Maha Suci Allah! Hingga sejauh itulah al-Musawi mengubah
kepribadian ilmiah lawan dialognya, memandulkan daya
nalarnya, sehingga pandangannya terhadap kata-kata al-Musawi
betul-betul berkebalikan dari pandangan kami. Sebegitu
tunduk dan pasrah dia terhadap segala yang dinyatakan
al-Musawi.
Kemudian dalam Dialog 89 kembali diajukan permintaan
melalui lisan Syeikh al-Bisyri agar diberikan tambahan dari
kebathilan-kebathilan al-Musawi, dan kecaman-kecaman
tambahan terhadap para sahabat Nabi.
Dan dalam Dialog 90 al-Musawi menambahkan kebohongan
mengenai para sahabat, yang telah dipersaksikan oleh
Rasulullah saw sebagai penghuni surga. Al-Musawi
mengemukakan kepada kita kisah sariyyah (ekspedisi) Usamah
'ibn Zaid ibn Haritsah. Sariyyah ini adalah sariyyah
terakhir, yang dikirim oleh Rasulullah untuk menyerang pihak
Romawi (timur). Ini terjadi beberapa hari sebelum wafat
nabi. Lalu al-Musawi mengarang kebohongan yang diilhami oleh
akidahnya yang sesat, dan pentakwilan-pentakwilan sesat
dengan cara memutar-mutar lidahnya, untuk menghujat agama.

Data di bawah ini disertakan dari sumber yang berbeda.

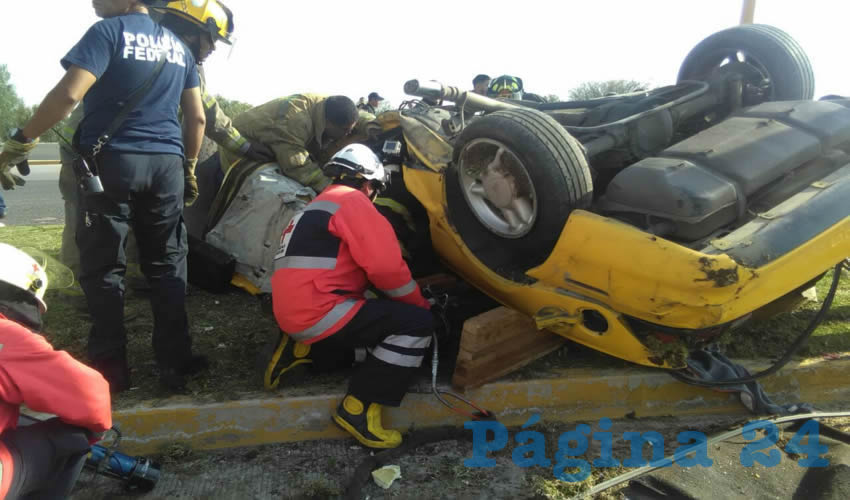 Los rescatistas lograron sacar de la destrozada unidad a Jorge Luis Ortiz Mora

Dengan cerita itu, al-Musawi mengemukakan dakwaan sebagai
berikut:
1. Bahwa Abu Bakar ra adalah termasuk tentara
dalam pasukan Usamah. Al-Musawi menyatakan bahwa hal ini
telah disepakati oleh para ahli sejarah dan hadits (kabar).

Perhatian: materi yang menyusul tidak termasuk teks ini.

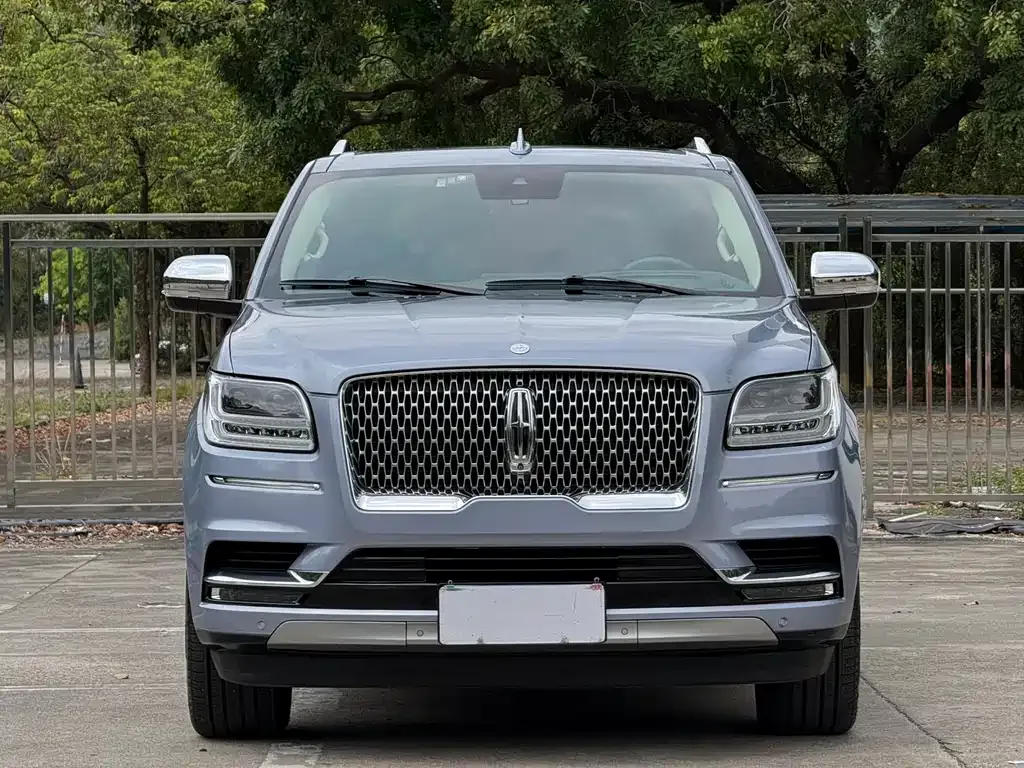 Lincoln Navigator — фото 1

Tanggapan atas dakwaan ini dapat dikemukakan dari berbagai
segi sebagai berikut:
- Kesepakatan yang dikemukakan al-Musawi itu
tidak dapat dibenarkan sama sekali. Sebab para peneliti
dari kalangan ahli hadits mengecam riwayat ini, karena
berasal dari riwayat al-Waqidi dengan sanad-sanadnya
dalam al-Maghazi. Ia ini matruk (tidak diterima
riwayatnya) menurut para ahli hadits. Penulis-penulis
sejarah yang meriwayatkan riwayat tersebut di atas
mengutipnya dari al-Waqidi tanpa menelitinya lagi. Maka
bagaimana ijma bisa terjadi atas suatu hadits yang
sanadnya mendapat kecaman dari para ahli hadits?

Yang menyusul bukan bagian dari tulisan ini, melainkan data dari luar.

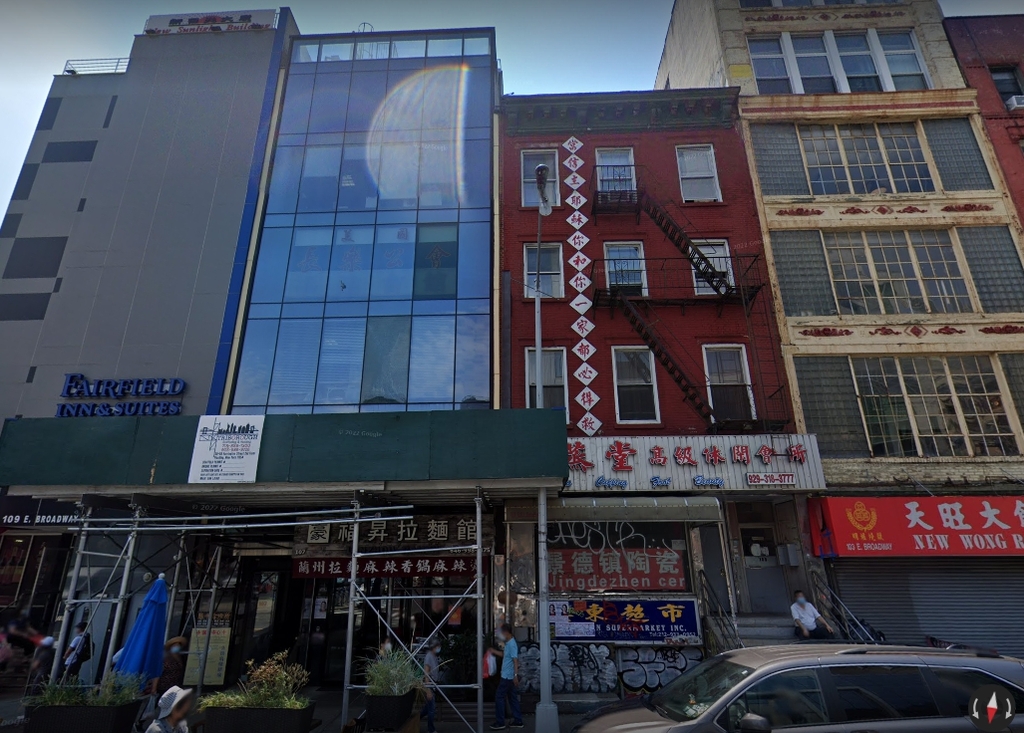 중국 비밀경찰서로 지목된 차이나타운의 건물(좌측 두 번째 유리벽 건물). 사진=구글 맵 캡처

- Berita (kabar) yang dipandang al-Musawi telah
disepakati para ahli itu, justru berlawanan dengan ijma
para ahli hadits, sejarah dan riwayat pertempuran Nabi,
yang menyatakan bahwa Nabi mengangkat Abu Bakar sebagai
imam shalat bagi kaum Muslimin selama Rasulullah saw
sakit, dan Nabi tidak pernah mengangkat orang lain untuk
jabatan ini. Dan tidak seorang pun yang diperintah Nabi
untuk mengimami shalat kaum Muslimin selain Abu Bakar,
menurut nukilan-nukilan yang mutawatir. Bagaimana ia
dapat dipandang sebagai tentara dalam pasukan Usamah,
sedang dia sudah diangkat oleh Nabi sebagai penggantinya
sebagai imam shalat bagi kaum Muslimin?
- Kalaupun Abu Bakar dianggap telah mendapat tugas
untuk bertempur dalam pasukan Usamah, karena persiapan
pemberangkatan pasukan ini terjadi sehari sebelum
sakitnya Nabi, maka Rasulullah saw telah mengecualikan
(menarik kembali) Abu Bakar pada hari ke dua ketika
Rasulullah saw jatuh sakit, dan menyuruh Abu Bakar untuk
bertindak sebagai imam shalat.
2. Al-Musawi menganggap para sahabat telah enggan
untuk berangkat perang. Yang dimaksud olehnya ialah pemuka
para sahabat, yaitu Abu Bakar dan 'Umar. Kemudian dia
mengemukakan bahwa alasan keengganan mereka itu adalah
karena takut bahwa kekuasaan kekhalifahan akan luput dari
tangan mereka. Al-Musawi semoga Allah membinasakannya
berkata: "Dan anda tentunya mengetahui, bahwa mereka itu
mula-mula enggan ikut serta, dan kemudian mengundurkan diri
dari pasukan itu, semata-mata karena hendak memperkokoh
dasar-dasar kekuasaan mereka dan membangun tiang-tiangnya,
dan lebih mengutamakan itu semua daripada melaksanakan
ketetapan-ketetapan (nash-nash) Rasulullah saw secara
konsekuen. Mereka beranggapan bahwa kekuasaan itu lebih
patut dipertahankan, sebab ia niscaya akan lepas dari tangan
mereka jika mereka ikut pergi bersama pasukan Usamah sebelum
Nabi wafat.
Jawaban atas tuduhan ini adalah sebagai berikut:
a. Tidak seorang pun dari para sahabat yang enggan
berangkat seperti yang didakwakan al-Musawi. Sebab, yang
disebut enggan (tatsaqul) ialah berlambat-lambat berangkat
lantaran tidak senang, serta berupaya untuk melepaskan diri
dari tugas dengan berbagai cara. Ini adalah perilaku
orang-orang munafik, bukan orang-orang beriman. Dan para
sahabat, apalagi tokoh dan pemuka-pemuka mereka, sangat
terbebas dan bersih dari perilaku seperti itu berdasarkan
nash-nash al-Kitab dan Sunnah. Kaum Rafidhah tidak mau
mengakui hal ini, dan karenanya mereka menuduh para sahabat
dengan tuduhan kufur dan nifak. (Semoga Allah mengutuk
mereka!).
b. Bagaimana dapat dikatakan bahwa Abu Bakar
enggan berangkat, sedang dia tidak diminta untuk berangkat?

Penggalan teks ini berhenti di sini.